Pumpkins Exemplify Ripening Winter Squash

41001thumbZucchini is probably the most reliable of warm season vegetable through summer, even when tomatoes are having a bad year. A single zucchini plant produces enough for a household. Two plants produce enough to share with neighbors. Pattypan, crookneck and other varieties of summer squash may not be quite as reliably productive individually, but can be assembled as a delightfully variable team that produces early in summer, and is just now finishing.
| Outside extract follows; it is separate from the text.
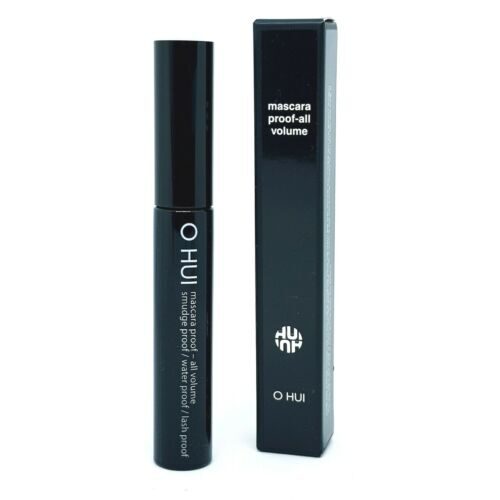 Beauty & Skincare :: O HUI Mascara Proof All 8 Ml - Foto 3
The fruit of summer squash is best when immature and tender. It gets tougher and loses flavor as it matures. Because development of seed within maturing fruit exhausts resources, plants are actually more productive if the fruit gets harvested while immature. In other words, they can either make many small fruits, or a few large fruits. The plants have coarse foliage on big but relatively confined annual plants.

Winter squash is very closely related to summer squash. The shabby annual vines sprawl over much larger areas, and can even climb fences and shrubbery. The main difference though, is that each plant produces only a single fruit or only a few individual fruits that are allowed to mature completely through summer. Their ripening fruit is just now becoming available as summer squash are running out. The fruit is supposed to be best after frost has killed the foliage, which could take a while here.
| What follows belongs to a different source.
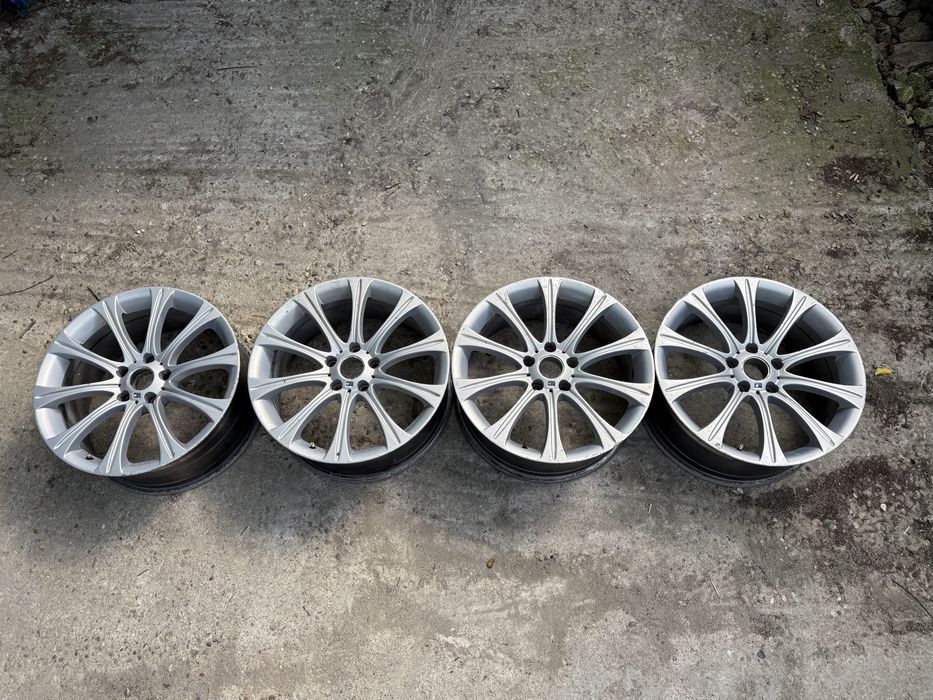 Jante BMW  Style 166M - R19 Timișoara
Hubbard, acorn, turban, spaghetti, kabocha and butternut squash, as well as the many varieties of pumpkin, are the more popular types of winter squash. Unlike summer squash, winter squash can be stored for quite a while, and need to be cooked to be eaten. While winter squash do not produce as many fruiting female flowers as summer squash produce, they seem to make at least as many male flowers that can be harvested while still fresh.

Male flowers can be stuffed, battered and fried, or simply fried. After they have been pollinated and set fruit, female flowers are typically too wilted to be eaten. All squash produce more male flowers than female flowers. Even the most fruitful of summer squash produce about three times as many male flowers as female flowers.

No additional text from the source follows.